John Kerry far outdistanced the other Democratic presidential hopefuls in primaries in Tennessee and Virginia Tuesday, scoring his first Southern victories and making him the clear favorite to earn his party's nomination. Poor third-place showings in his home region prompted retired Gen. Wesley Clark to withdraw from the race. But John Edwards, the runner-up in both states, and Howard Dean, who skipped Virginia and Tennessee to concentrate on next week's primary in Wisconsin, both said they weren't ready to drop out.

President Bush was to outline a series of proposals to curtail the spread of nuclear weapons in a speech at the National Defense University Wednesday. One reported focus of the address: an incentive for countries to give up production of their own fissile fuels in exchange for a guaranteed supply of fuel for civilian nuclear reactors.

By September, US military operations in Iraq and Afghanistan will be $19 billion overspent, Gen. Peter Schoomaker, the Army chief of staff, told the Senate Armed Forces Committee. The administration is expected to pursue emergency funding next January, but until then the military may have to shift money from other projects to cover the four-month spending gap, defense officials said.
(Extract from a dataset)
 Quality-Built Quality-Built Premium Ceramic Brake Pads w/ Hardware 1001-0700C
To help protect the multibillion-dollar-a-year poultry export industry, agricultural officials in Delaware called for the slaughter of 72,000 chickens and the quarantine of 80 farms for at least 30 days. A second case of bird flu was found Tuesday in the state, a major poultry producer. Seven countries have temporarily banned US exports because of the discoveries.
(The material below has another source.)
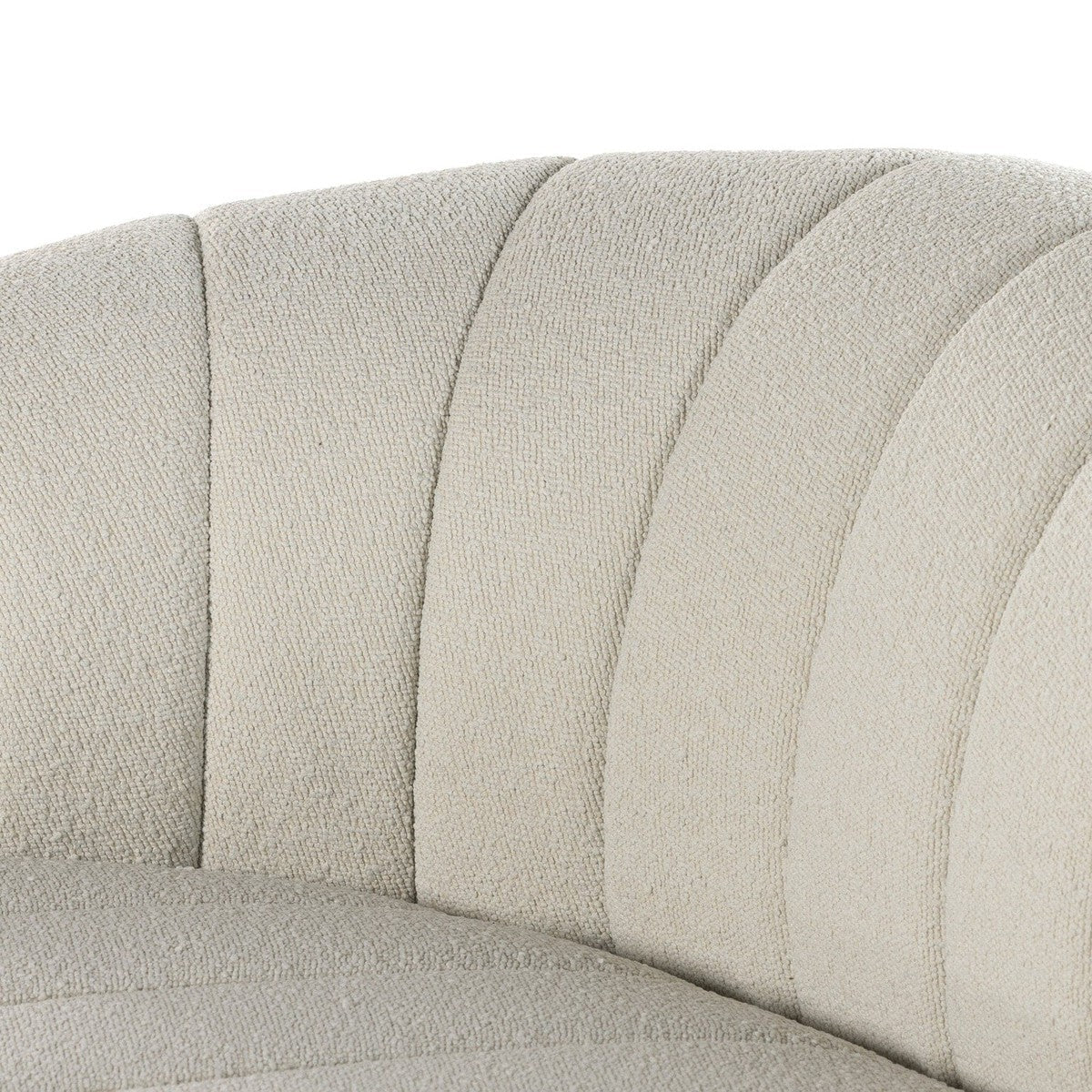 Elliana Sofa - Fiqa Boucle Natural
An independent commission investigating the Sept. 11, 2001, terrorist attacks accepted a 17-page summary of presidential briefing documents rather than press the White House to see the original documents.

The economy has turned the corner and can anticipate growth, Federal Reserve Chairman Alan Greenspan told Congress during his semiannual report on monetary policy. Analysts said they expect the Fed to leave interest rates unchanged, at least until there are signs of major increase in the number of new jobs.

Calling an increase in HIV infections among black male college students in North Carolina surprising, medical researchers at a conference in San Francisco expressed concern about a possible surge among other black males across the South. They attributed the looming "public health emergency" to risky sexual encounters between men.